EuropeanAI Newsletter
Covering the Artificial Intelligence ecosystem in Europe.

Welcome to the newsletter that covers the European AI ecosystem. Click here to read last week's issue. Share the subscription link if you enjoy the newsletter! Thoughts? I'm reachable here.

Last week, I published a survey of the European Union's AI ecosystem, discussing strategy, talent, funding and collaboration. Take a look here. While this is certainly more of a reflection on politicians rather than on the political prowess of AI, one in three people surveyed (UK, Netherlands and Germany) would trust AI over politicians.

Europe might get a commissioner for AI. Google receives a fine of € 1.49bn for breaking EU antitrust rules. In total Google has now been fined € 8.07bn. The European Defence Fund (EDF) has officially received a budget of € 525m for the next two years to co-finance joint defence industrial projects. The fully developed EDF will come into force in 2021. The European Political Strategy Centre published a report of their High-level hearing on 'A European Union Strategy for Artificial Intelligence'.

Policy, Strategy and Regulation

Malta's AI ambitions

After a successful blockchain strategy, Malta now hopes to develop a national AI strategy that would catapult it into one of the world's top 10 nations tackling AI. To that end, it’s currently conducting a public consultation on its proposed policy suggestions. Setting itself aside from other regions, Malta hones in on the opportunity of acting as a global test bed for AI related pilot projects (incl. prototyping, testing and scaling AI products).

The strategy itself is built on three strategic pillars: (1) investment, start-ups and innovation, (2) public sector adoption, and (3) private sector adoption.
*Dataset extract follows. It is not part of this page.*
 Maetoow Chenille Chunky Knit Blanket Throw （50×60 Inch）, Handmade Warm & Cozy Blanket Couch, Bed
These are supported by e.g. an updated education system (incl. MOOCS), an evaluation of the commercial and social impact as well as opportunities of AI, the deployment of AI across government services to improve citizen’s experience, and the establishment of an ethical and legal framework. The latter will take account of the Asilomar Principles, the values and principles outlined in the Charter of Fundamental rights, as well as the upcoming Ethics Guidelines for Trustworthy AI from the AI HLEG. The consultation is open until the 22nd April.
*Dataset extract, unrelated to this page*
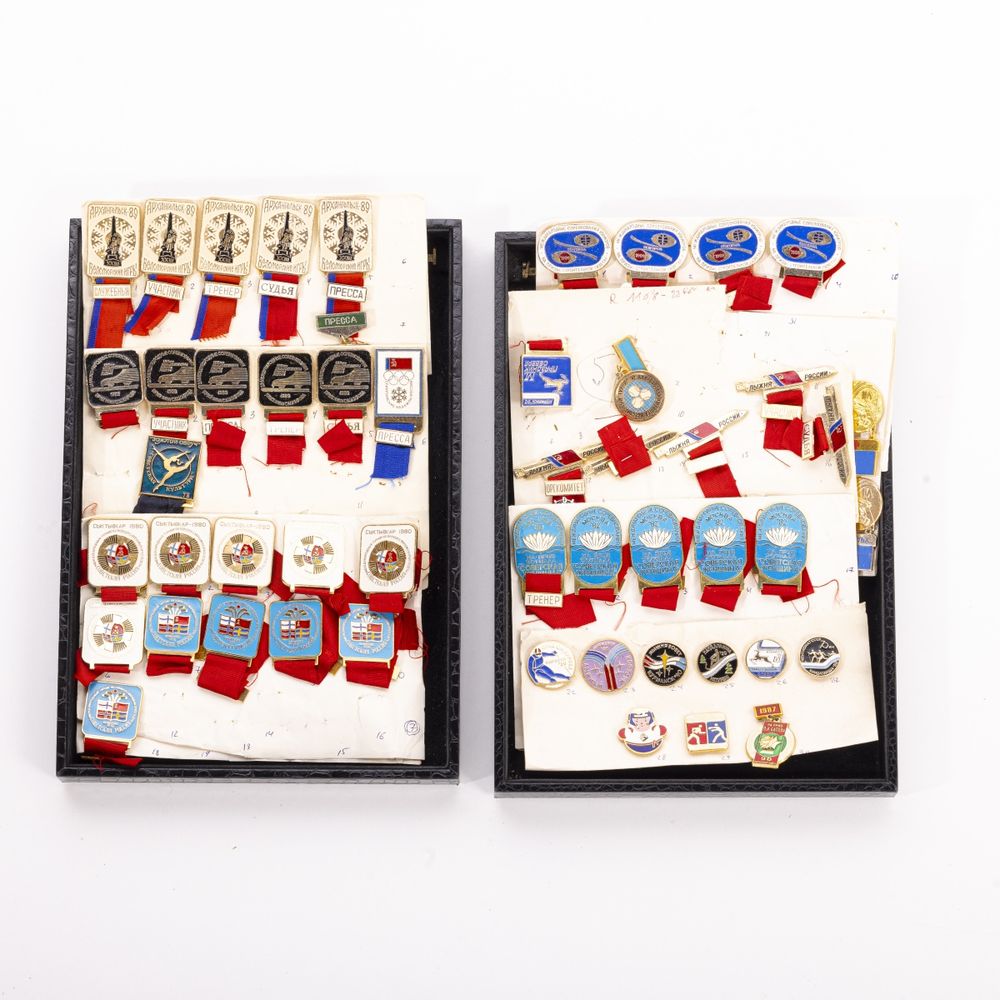 Colecionismo desportivo - Colecção de pins emblemas e crachás - 125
Austria's push towards an AI strategy: AIM Austria 2030

The Austrian Council for Robotics and AI published a paper outlining their suggestions for the next steps of Austria’s AI strategy process (Artificial Intelligence Mission Austria 2030). While the overall content remains fairly vague, key to the document is the suggestion that the Austrian AI strategy should refer to the European Commission’s Coordinated Plan on AI, as well as the AI HLEG Ethics Guidelines for Trustworthy AI. The initial White Paper from the Council is also expected to guide aspects of the strategy in terms of ethics and societal concerns. The paper touches upon the importance of a transparent governance and decision-making procedure throughout strategy development process. 
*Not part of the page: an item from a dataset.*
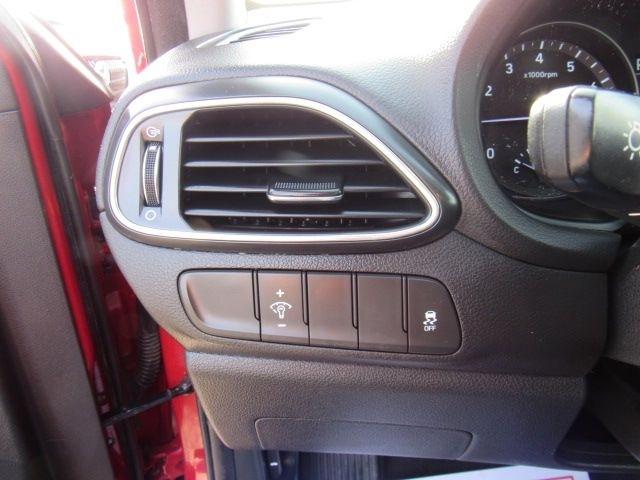 Hyundai Elantra GT 2.0L 6A 2018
Beyond this paper, there are currently seven working groups delving into AI relevant areas in more depth. This research phase will be followed by a public consultation. Austria is expected to publish the strategy in the summer, in accordance to the European Commission's proposed timeframe.

The UK's two year plan: no, not Brexit (CDEI)

The Centre for Data Ethics and Innovation (CDEI), an independent advisory body to the UK government tasked with analysing and anticipating opportunities and risk associated with data-driven technologies, recently published its 2 year strategy. Interestingly, the UK government is bound to publicly respond to each recommendation put forward by the CDEI.

The 2019/20 work programme will focus on online targeting and bias and support the government through compiling reviews, reports and recommendations. In addition, the CDEI will develop an ongoing analysis of high priority opportunities and risks (informing areas of current and future focus) through workshops and seminars involving key stakeholders, such as academia, civil society and industry. The CDEI will work across government, build an international profile, and aim to be inclusive of civil society. It will also work with regulators to ensure the development of accurate policy suggestions.